Race with a `hg commit`
-----------------------
$ cp -a reference-repo race-with-commit
$ cd race-with-commit
spin a `hg status with some cache to update
$ hg st >$TESTTMP/status-race-lock.out 2>$TESTTMP/status-race-lock.log \
> --config rhg.on-unsupported=abort \
> --config ${cfg}=$TESTTMP/status-race-lock \
> &
$ $RUNTESTDIR/testlib/wait-on-file 5 $TESTTMP/status-race-lock.waiting
Add a do a commit
$ hg status
A dir/o
R dir/nested/m
? dir/n
? p
? q
$ hg $d2args commit -m 'racing commit'
$ touch $TESTTMP/status-race-lock
$ wait
commit was created, and status is now clean
$ hg log -GT '{node|short} {desc}\n'
@ 02a67a77ee9b racing commit
|
o 9a86dcbfb938 more files to have two commit
|
o 4f23db756b09 recreate a bunch of files to facilitate dirstate-v2 append
$ hg status
? dir/n
? p
? q
The status process should return a consistent result and not crash.
#if no-rhg
$ cat $TESTTMP/status-race-lock.out
A dir/o
R dir/nested/m
? dir/n
? p
? q
$ cat $TESTTMP/status-race-lock.log
#else
#if pre-some-read dirstate-v2-append
$ cat $TESTTMP/status-race-lock.out
A dir/o
R dir/nested/m
? dir/n
? p
? q
$ cat $TESTTMP/status-race-lock.log
#else
$ cat $TESTTMP/status-race-lock.out
? dir/n
? p
? q
$ cat $TESTTMP/status-race-lock.log
#endif
#endif
final cleanup
$ rm $TESTTMP/status-race-lock $TESTTMP/status-race-lock.waiting
$ cd ..
Race with a `hg update`
-----------------------
$ cp -a reference-repo race-with-update
$ cd race-with-update
spin a `hg status` with some caches to update
$ hg st >$TESTTMP/status-race-lock.out 2>$TESTTMP/status-race-lock.log \
> --config rhg.on-unsupported=abort \
> --config ${cfg}=$TESTTMP/status-race-lock \
> &
$ $RUNTESTDIR/testlib/wait-on-file 5 $TESTTMP/status-race-lock.waiting
do an update
$ hg status
A dir/o
R dir/nested/m
? dir/n
? p
? q
$ hg log -GT '{node|short} {desc}\n'
@ 9a86dcbfb938 more files to have two commit
|
o 4f23db756b09 recreate a bunch of files to facilitate dirstate-v2 append
$ hg $d2args update --merge ".~1"
0 files updated, 0 files merged, 6 files removed, 0 files unresolved
$ touch $TESTTMP/status-race-lock
$ wait
$ hg log -GT '{node|short} {desc}\n'
o 9a86dcbfb938 more files to have two commit
|
@ 4f23db756b09 recreate a bunch of files to facilitate dirstate-v2 append
$ hg status
A dir/o
? dir/n
? p
? q
The status process should return a consistent result and not crash.
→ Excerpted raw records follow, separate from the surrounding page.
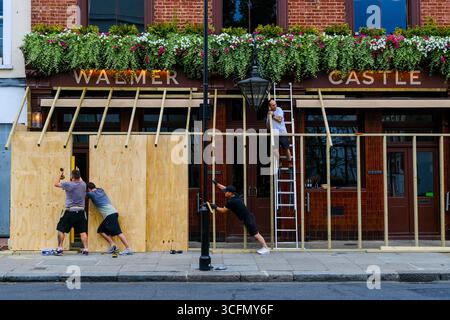 Londra, Regno Unito. 23 agosto 2025. I proprietari d'affari preparano i preparativi finali sabato sera prima del Carnevale di Notting Hill salendo al pub Walmer Castle, che attirerà circa due milioni di persone in questa zona per la festa di strada più grande d'Europa. Credito: Fotografia dell'undicesima ora/Alamy Live News Foto Stock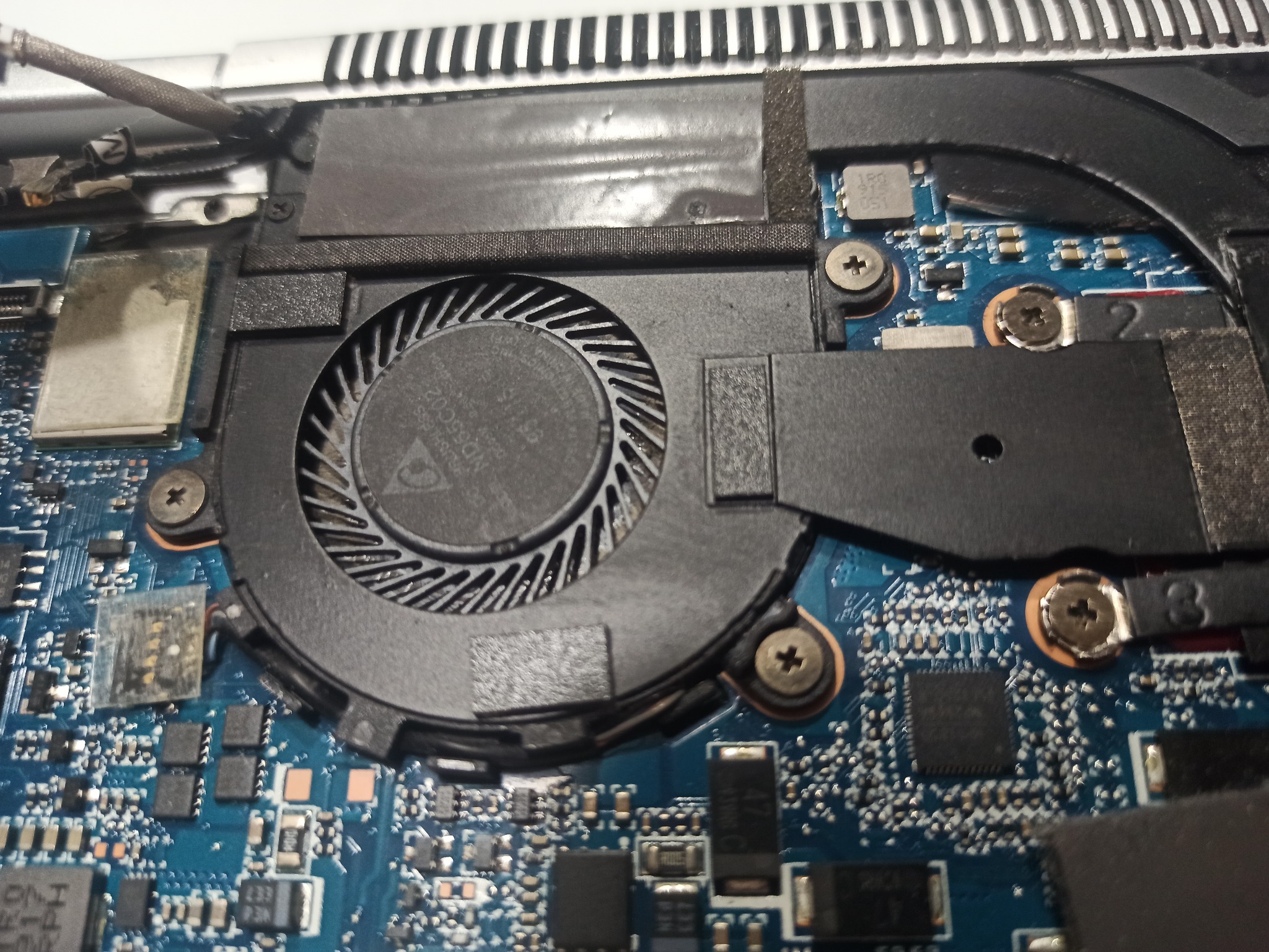 Wnętrze laptopa z widocznym wentylatorem chłodzącym, płyta główna z elementami elektronicznymi, śrubki mocujące elementy, widoczne oznaczenia na wentylatorze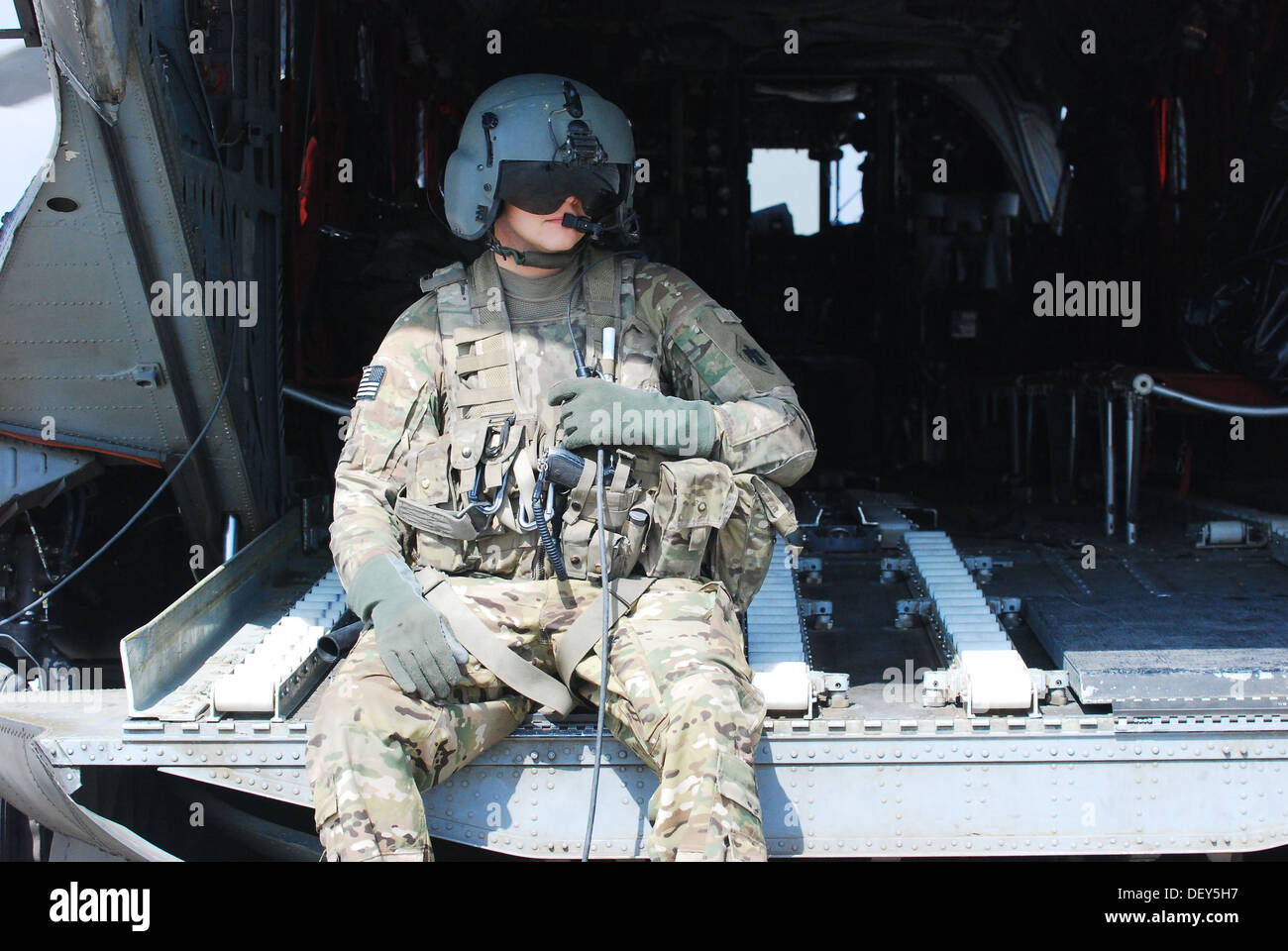El Sgt. Dan Glenn, un helicóptero Chinook CH-47 ingeniero de vuelo asignado a la compañía B, 2º Batallón (apoyo general), 149º Regimiento de Aviación (Texas/Guardia Nacional de Oklahoma), sirviendo bajo la 10ª Brigada de Aviación de Combate, se comunica con la tripulación de la aeronave Foto de stock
#if rhg dirstate-v2-append pre-some-read
$ cat $TESTTMP/status-race-lock.out
A dir/o
R dir/nested/m
! dir/i
! dir/j
! dir/nested/h
! dir2/k
! dir2/l
! g
? dir/n
? p
? q
#else
#if rust no-rhg dirstate-v2-append
$ cat $TESTTMP/status-race-lock.out
A dir/o
R dir/nested/m
! dir/i
! dir/j
! dir/nested/h
! dir2/k
! dir2/l
! g
? dir/n
? p
? q
#else
$ cat $TESTTMP/status-race-lock.out
A dir/o
? dir/n
? p
? q
#endif
#endif
$ cat $TESTTMP/status-race-lock.log
final cleanup
$ rm $TESTTMP/status-race-lock $TESTTMP/status-race-lock.waiting
$ cd ..
Race with a cache updating `hg status`
--------------------------------------
It is interesting to race with "read-only" operation (that still update its cache)
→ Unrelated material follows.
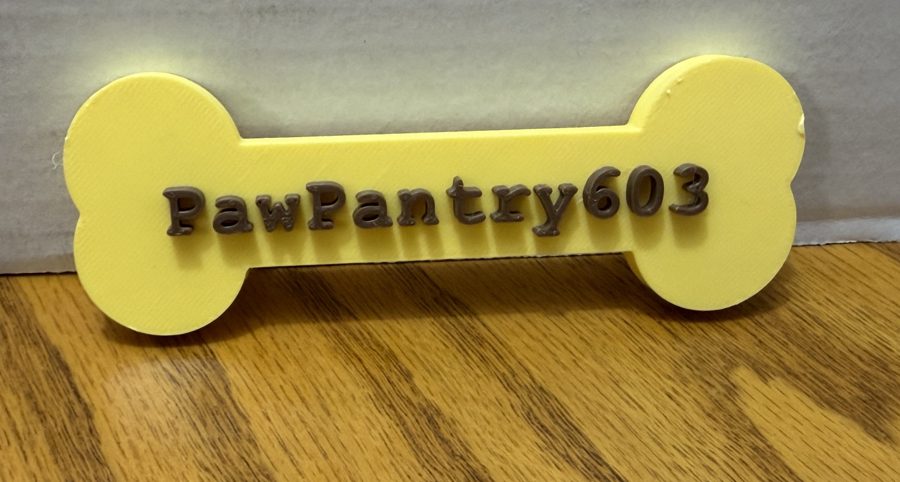 Yellow bone fridge magnet reading PawPantry603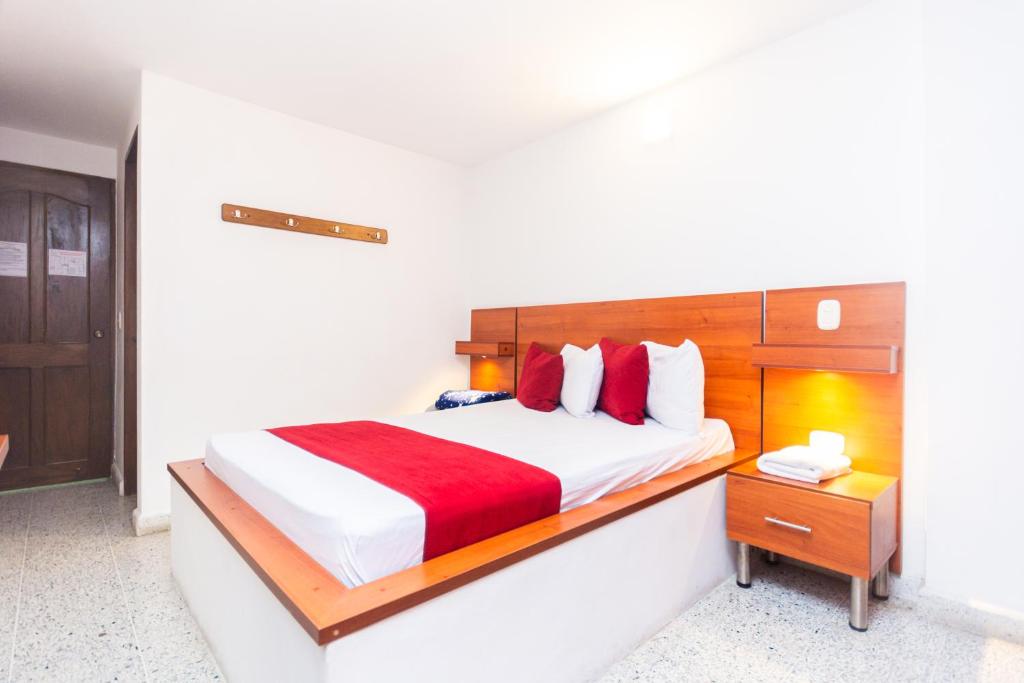 Postel nebo postele na pokoji v ubytování Hotel Bicentenario Rionegro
$ cp -a reference-repo race-with-status
$ cd race-with-status
spin a `hg status` with some caches to update
$ hg st >$TESTTMP/status-race-lock.out 2>$TESTTMP/status-race-lock.log \
> --config rhg.on-unsupported=abort \
> --config ${cfg}=$TESTTMP/status-race-lock \
> &
$ $RUNTESTDIR/testlib/wait-on-file 5 $TESTTMP/status-race-lock.waiting
do an update
$ touch -t 200001020006 f
$ hg $d2args status
A dir/o
R dir/nested/m
? dir/n
? p
? q
$ touch $TESTTMP/status-race-lock
$ wait
The status process should return a consistent result and not crash.
$ cat $TESTTMP/status-race-lock.out
A dir/o
R dir/nested/m
? dir/n
? p
? q
$ cat $TESTTMP/status-race-lock.log
final cleanup
$ rm $TESTTMP/status-race-lock $TESTTMP/status-race-lock.waiting
$ cd ..